Plastic waste is a growing problem, in Grand Rapids, in West Michigan, in the United States, and the rest of the world. Here are the individuals and businesses that are working to use and reuse plastic more sustainably.
During two weeks in September and October, tens of thousands of West Michigan residents and inspired visitors have their chance to see art from around the world on display in Grand Rapids. Some bring their cameras, some bring their kids. Most all of them leave something behind.
Food trucks and local restaurants get a boom in business with the influx of customers, but the waste generated in those few weeks fills up trash bins faster than any other period throughout the year. Plastic ramekins with ketchup or salsa, plastic silverware and chip bags, even boxed lunches with everything wrapped in plastic contribute to a majority of the unrecyclable materials that are soon after offloaded at the South Kent Landfill.
Had the food trucks used compostable products, volunteers helping West Michigan Environmental Action Council (WMEAC) and the city of Grand Rapids keep the city clean could have diverted twice as much material from the landfill, WMEAC Volunteer Coordinator Angela Fox says.
Films, or thin plastics, are a new line of recycling available locally.
Almost 70 volunteers helped educate ArtPrize visitors and those just walking through downtown Grand Rapids on the significance and purpose of the red, yellow, and green bins at each S.O.R.T.ing station.
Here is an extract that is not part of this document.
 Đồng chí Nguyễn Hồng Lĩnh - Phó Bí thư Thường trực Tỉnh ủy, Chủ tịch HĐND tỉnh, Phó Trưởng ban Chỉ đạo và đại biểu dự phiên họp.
They were effectively used to keep trash off the streets, as well as separate recyclables and compostable organic material, but keeping all of that plastic out of the landfill is still a serious concern.
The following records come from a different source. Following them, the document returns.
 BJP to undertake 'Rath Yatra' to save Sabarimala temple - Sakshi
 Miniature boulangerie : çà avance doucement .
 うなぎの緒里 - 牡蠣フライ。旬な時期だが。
Plastic waste is a growing problem, in Grand Rapids, in West Michigan, in the United States, and the rest of the world. The U.S. kept just over 6 percent of its recyclable waste from getting dumped into landfills in the 1960s and has since improved upon that figure by another 28 percent, but this fact isn't all that impressive when compared to countries like Austria and Germany, each with recycling rates higher than 60 percent.
Throughout 2018, each human on the planet will use and throw away about 300 pounds of single-use plastic. In Michigan, according to the Economic Impact Potential and Characterization of Municipal Solid Waste, a report backed by the West Michigan Sustainable Business Forum, Michigan Department of Environmental Quality, Grand Valley State University, and civil engineers and architects Fishbeck, Thompson, Carr & Huber, that plastic amounts to nearly a quarter of the solid waste generated every year, valued at about $129,253,785, which is enough to create 848 jobs if it was recovered and sold.
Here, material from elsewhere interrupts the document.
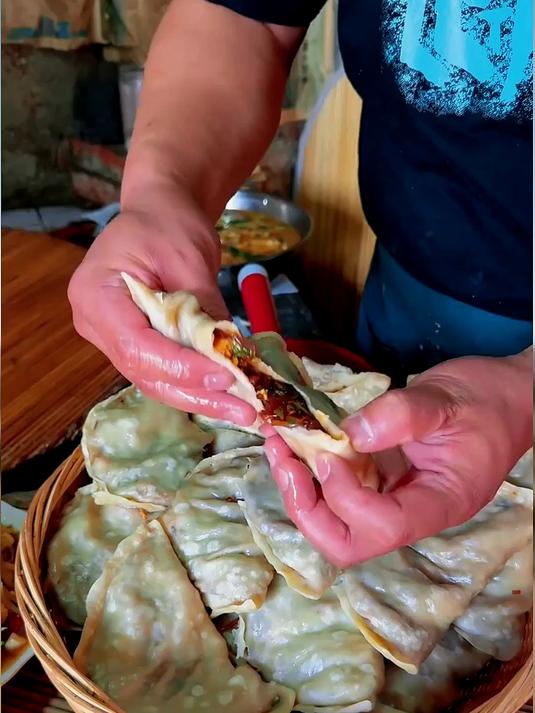 蒸菜饺，茄子疙瘩汤，凉拌土豆丝，拌凉皮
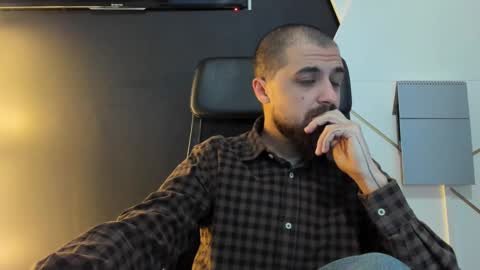 Snapshot of jamesmyersx chatting on February 22, 5:44 am JamesMyers online show from February 22, 5:44 am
West Michigan has never had too much trouble finding uses for plastic, whether for its furniture industry, automotive applications, or elsewhere in manufacturing. Recycling those materials is often seen as a consumer responsibility, but the supply side is fighting for sustainability, too. New materials, and means of reclaiming old ones, are not just good for the environment, they can save on material costs.
Plastic reclamation starts with basic chemistry at Noble Polymers
Meagan Marko joined Noble Polymers as a chemical engineer a little over 10 years ago. Back then, she was writing formulations for new materials, while Noble provided plastic and polymer solutions solely for Cascade Engineering as a wholly owned subsidiary. She has since moved into the sales strategy and product line side of the business, while Noble has started marketing its products to the public.
"My education on the technical side has really helped me to translate strategies and ideas for sustainability into our products," she says.
Pallets, cut offs, and other materials are put into a grinding machine to be turned into small pieces of plastic to be recycled.
One of those strategies is using recycled resin in various polyolefin-based materials, plastic pellets or media, which are sold to businesses that use them or formed into custom-made products at their 4855 37th St SE facility, and shipped out from there.
Marko says the trick to working with recycled materials is like understanding a new class of polymer science.
"You really have to be technically better to make those things work," she says. "So we've really been able to apply our technical expertise to be successful in using recycled materials. Probably over 80 percent of the compounds we make start with a recycled resin base."
Ground up pieces of plastic fill a large container to be shipped to a melting facility.
Noble specializes in making polypropylene products, but they also have made some interesting partnerships to source the components of those products. By working with a powder coat painting company, Noble is able to obtain the overspray waste that would ordinarily be thrown straight into the landfill. Instead, it's used in Noble's materials, in place of mineral content.
"The overspray is a polymer but it's thermal set," Marko says. "So when we compound it into our material, it behaves as a filler and can replace minerals like calcium or talc. What was mineral filler before is now recycled content."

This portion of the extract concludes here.